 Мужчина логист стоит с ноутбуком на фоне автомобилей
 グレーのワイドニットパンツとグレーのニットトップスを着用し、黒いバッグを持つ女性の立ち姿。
☆ ☆ ☆ ☆ ☆
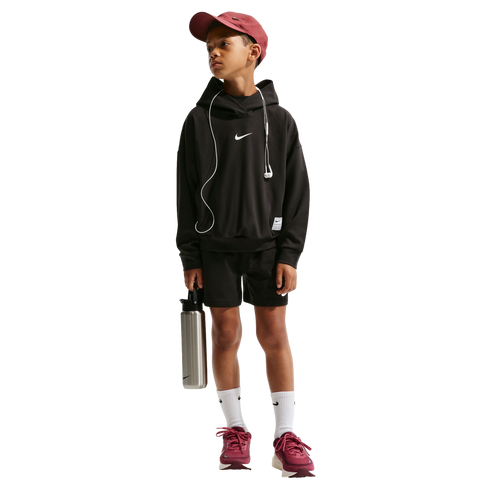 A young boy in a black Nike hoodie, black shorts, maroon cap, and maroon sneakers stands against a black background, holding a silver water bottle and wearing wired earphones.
☆ ☆ ☆ ☆ ☆
Please copy the lines above from the line with "Мужчина логист стоит" up to and including the line with "グレーのワイドニットパンツと", exactly as written and with nothing else.

**Task output**
 Мужчина логист стоит с ноутбуком на фоне автомобилей
 グレーのワイドニットパンツとグレーのニットトップスを着用し、黒いバッグを持つ女性の立ち姿。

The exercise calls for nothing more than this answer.